An 8-12 Hz action (postural/kinetic) tremor of the upper extremities that is temporarily
relieved by drinking alcohol is characteristic of essential tremor, whereas the presence
of a pill-rolling rest tremor, bradykinesia, and rigidity is consistent with Parkinson
disease and argues against essential tremor.
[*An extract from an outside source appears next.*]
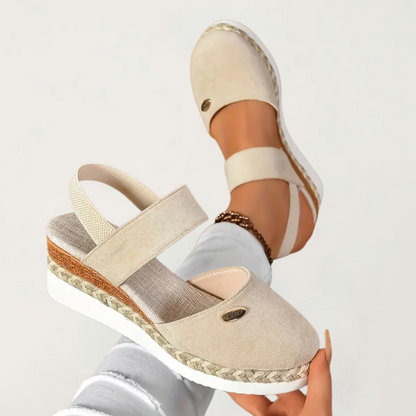 Beige - Women's canvas platform sandals featuring an elastic slingback strap, braided jute trim, and a metallic logo accent on a thick cushioned sole.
In patients with parkinsonism, careful attention to the history is necessary to exclude
secondary causes such as medications, toxins, or trauma. Medications that block
striatal dopamine receptors, such as metoclopramide and neuroleptics, can cause drug-
induced parkinsonism. Certain toxins such as MPTP (1-methyl-4-phenyl-1,2,3,6-
tetrahydropyridine) and manganese (at high levels of exposure) can also cause
parkinsonism.
Consider evaluating patients with parkinsonism for osteoporosis and osteopenia. In a
meta-analysis of 23 studies, Tornsey and colleagues found evidence that individuals
with Parkinson disease have an increased risk for osteoporosis and osteopenia. [35, 36] A
pooled analysis of 2 of the studies, for example, indicated that in patients with Parkinson
disease, the odds ratio for developing osteoporosis, when compared with healthy
controls, was 2.61, although the increase was lower in men than in women.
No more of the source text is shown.